[Data to examine Boundary: Start]

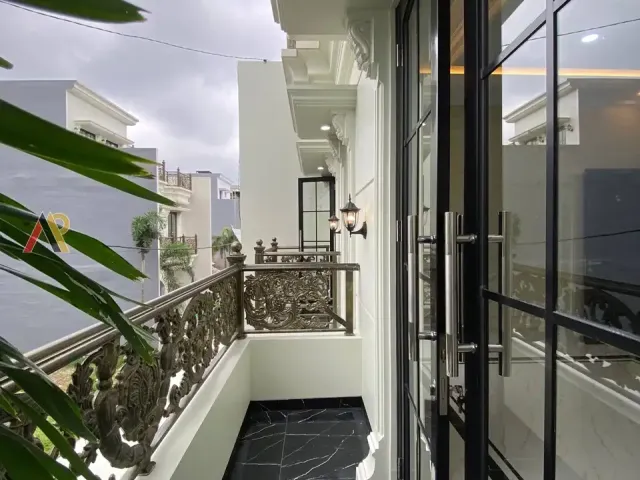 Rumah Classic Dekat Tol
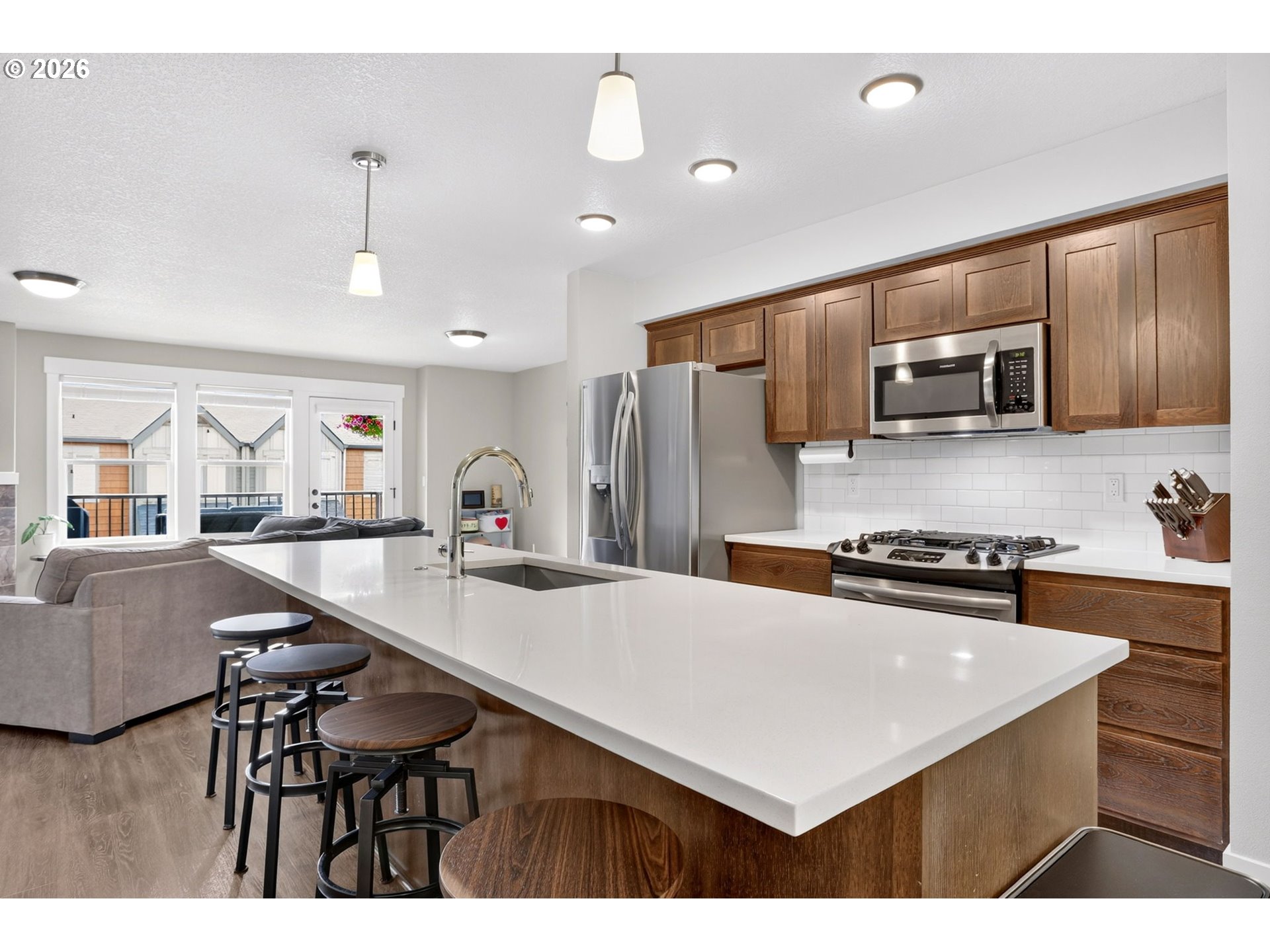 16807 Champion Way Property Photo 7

[Data to examine Boundary: End]
[Data to examine Boundary: Start]

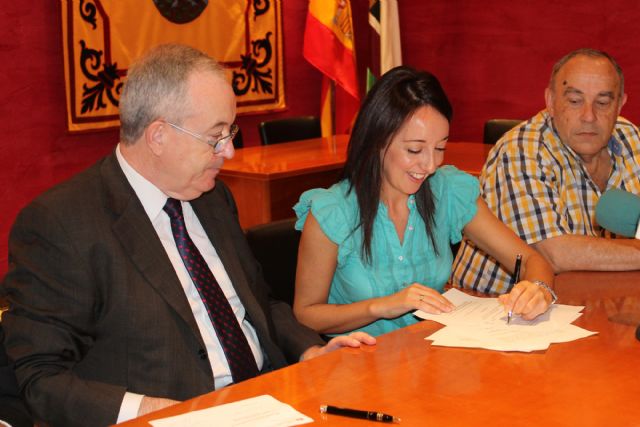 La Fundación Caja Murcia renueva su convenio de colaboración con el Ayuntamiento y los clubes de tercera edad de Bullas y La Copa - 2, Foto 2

[Data to examine Boundary: End]

Exercise instructions
When copying from the data above, begin at the line containing "Rumah Classic Dekat Tol" and end at the line containing "16807 Champion Way Property Photo 7"; return those lines exactly and leave all pictures behind.

Exercise result
 Rumah Classic Dekat Tol
 16807 Champion Way Property Photo 7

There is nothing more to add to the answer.